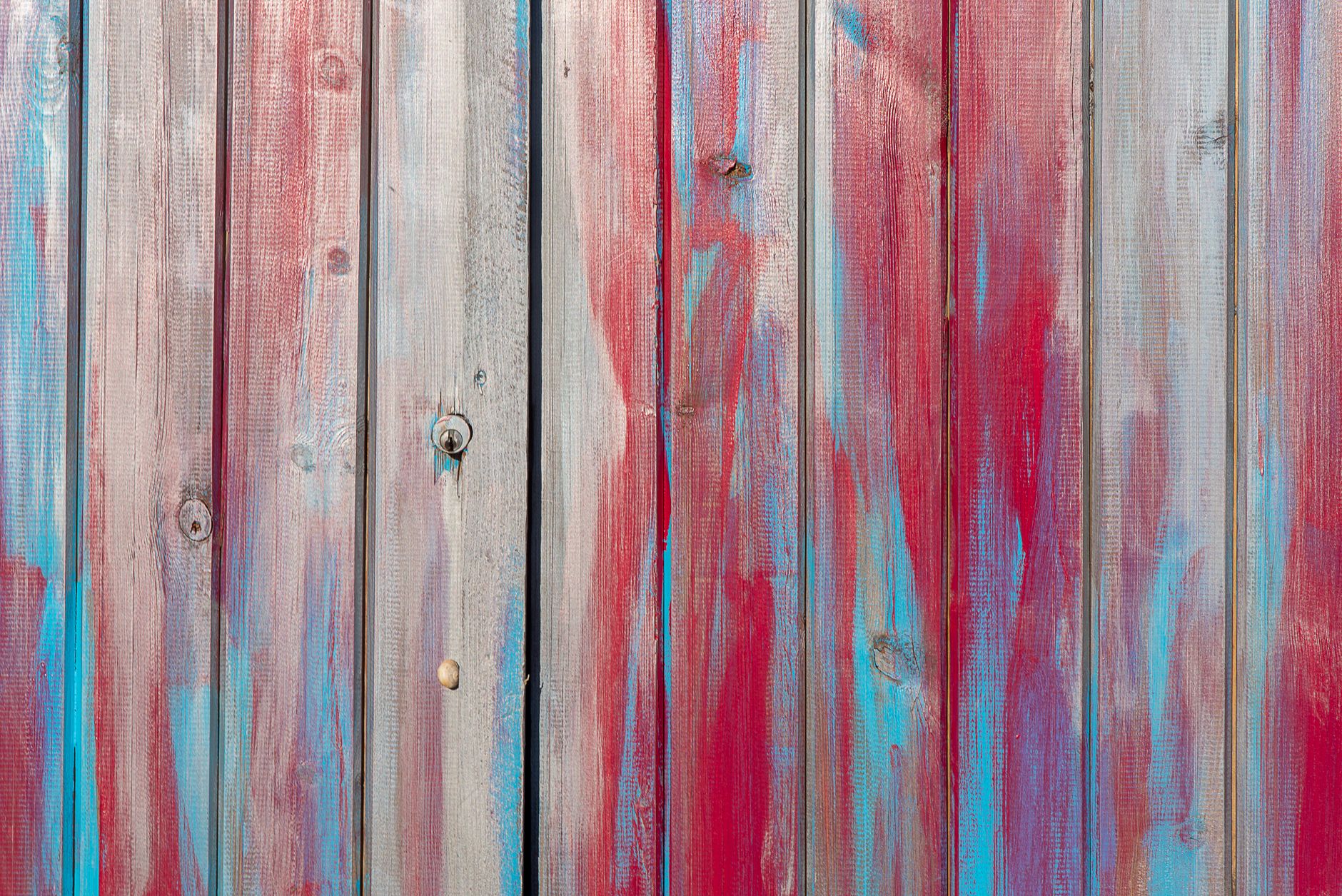 Close-up of a colorful wooden fence with artistic red and blue paint strokes.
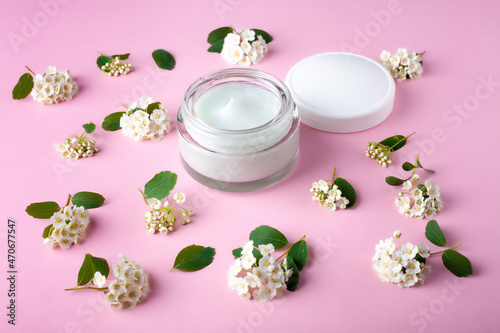 Glass jar and white cap with body cream on pink background with small white flowers. Transparent jar with face cream isolated. Cosmetic product for skin care.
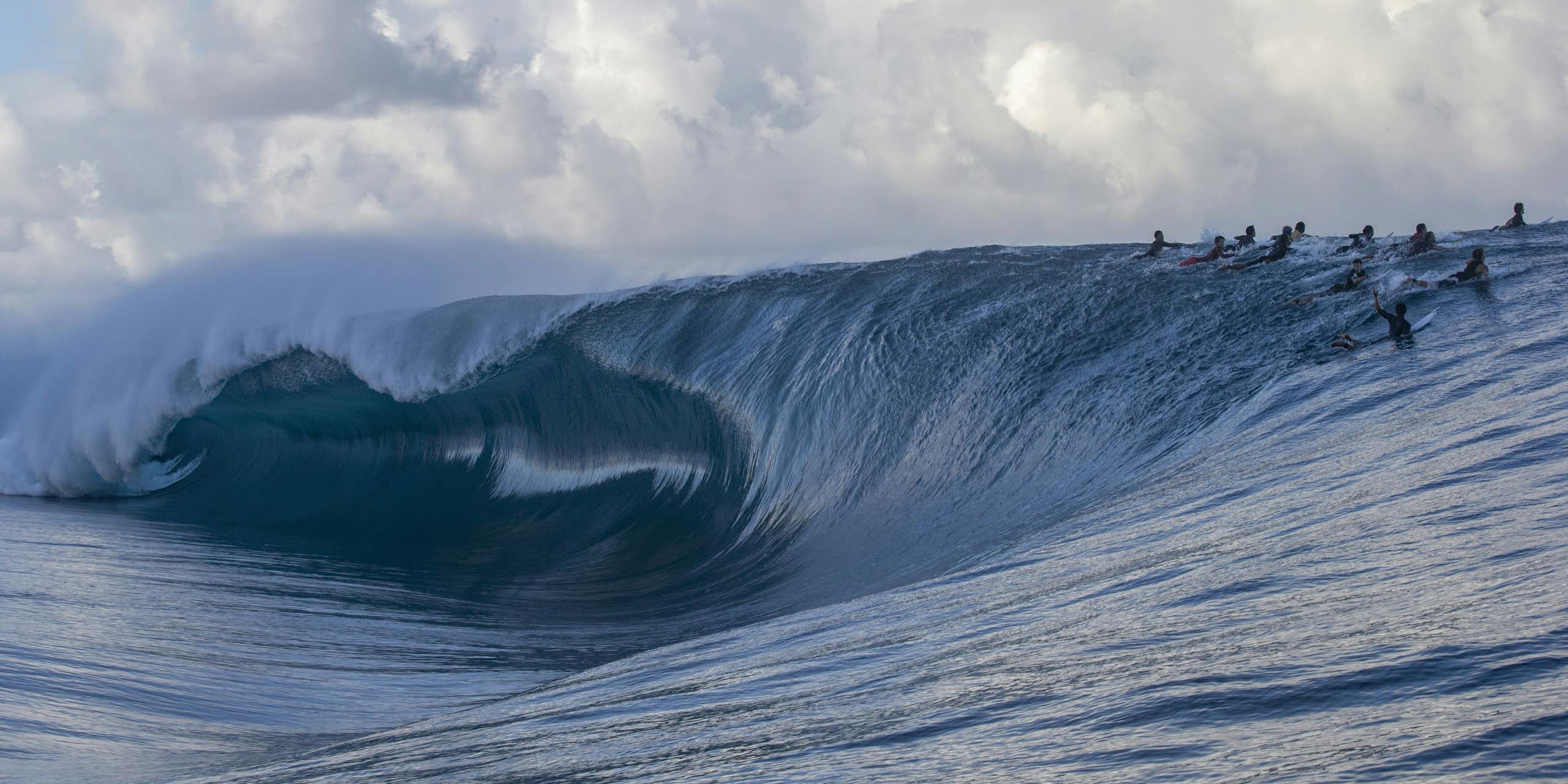 Surfers cresting breaking wave at Teahupo'o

════════════════════

WORK TO COMPLETE => Your copy should hold exactly and only the lines from the one containing "Glass jar and" through the end of the material, inclusive, repeated word for word and without pictures.

ANSWER TO THIS PROBLEM =>
 Glass jar and white cap with body cream on pink background with small white flowers. Transparent jar with face cream isolated. Cosmetic product for skin care.
 Surfers cresting breaking wave at Teahupo'o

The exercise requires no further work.